At a time when opportunities for African Americans were not abundant, especially in the arts (not enough has changed since then!), Jones rose from a middle class upbringing as a minster’s daughter to attend the Providence Academy of Music and the New England Conservatory in Boston, before going on to become a major star in Europe and the United States. She survived a drunken abusive husband, whom she divorced, and much racial prejudice along the way. At the height of her career, she was celebrated and decorated with many honors, and received the highest fee ever paid to a black artist in the United States at the time. But Europe was much kinder to her than her home country, and when she became frustrated at her lack of opportunities in the States, Jones formed a troupe of about 40 jugglers, comedians, dancers and singers who combined vaudeville, minstrel, musical revue and grand opera. Known as the Black Patti Troubadours (later renamed the Black Patti Musical Comedy Company) the group enjoyed great success for almost 20 years, performing for primarily white audiences in major cities across the U.S.

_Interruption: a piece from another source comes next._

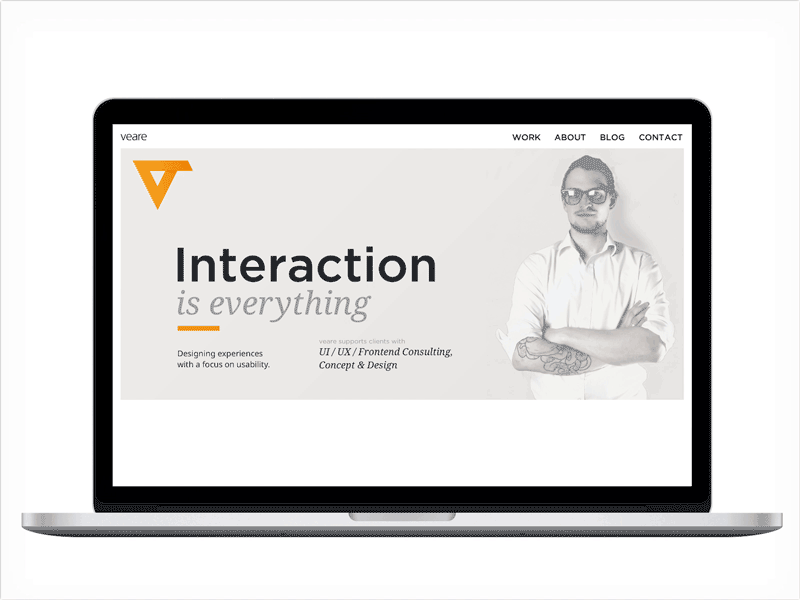 veare header animation animation design flat interface portfolio typography ui web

Although Jones sang popular songs of the era, she loved opera and critics acclaimed her voice as one in a million, even hailing her as America’s leading prima donna. One critic dubbed her “the Black Patti,” referring to Italian soprano Adelina Patti, and the name stuck, though Sissieretta disliked the name; referring to herself as “Madame Jones.” She longed to sing opera at the Metropolitan and was supposedly “considered” for roles, but it never happened. In fact the Met would not engage an African American in a leading role until Marian Anderson in 1955. Jones’s story has a melancholy ending. She became ill and at the age of 46 retired to do charity work, selling off her assets to survive. She died penniless of cancer in 1933 at the age of 74.
In The Unsung Diva, we meet Jones as her illness is progressing and her career waning. The stage is bare but for a trunk and sparse furniture. We see Jones worrying and reminiscing along with a maid/member of her troupe called Topsy. Angela Dean Baham, who also wrote the piece, portrays Jones with a regal elegance and Erica Richardson is the bright vivacious Topsy, who also appears as briefly as various other characters, as we flashback through Jones's memories. Both ladies have strong singing voices.
I do think this piece needs some rethinking and reshaping. We are only given snippets about Jones’s life, and although it intrigued me enough to google her and find the astonishing information above, not enough of this is given to us in the show. I always look forward to a good aria well performed and Baham, with a clear and agile soprano, acquits herself well with several, including “Caro Nome” from Verdi’s Rigoletto and “Ah! Je veux vivre” from Gounod’s Romeo et Juliette. But as lovely as the singing is, the piece’s pace would perhaps be better served if only a part of each aria was presented, as stopping for each entire aria brought everything to a halt. After the show, I read in the director’s notes that the character of Topsy is supposed to be a ghost, something that I was not apparent to me at all in the performance. Other than stopping for arias, director Michael Mohammed keeps the show moving, but the ending is abrupt and confusing as Jones and Topsy begin to quarrel over jewelry and there is a blackout. Sound and lighting by Deanna Niebuhr serves well, and there are some nice costume and wig additions from Richard Battle. This story deserves to be told, and I hope that this team will continue to work on it.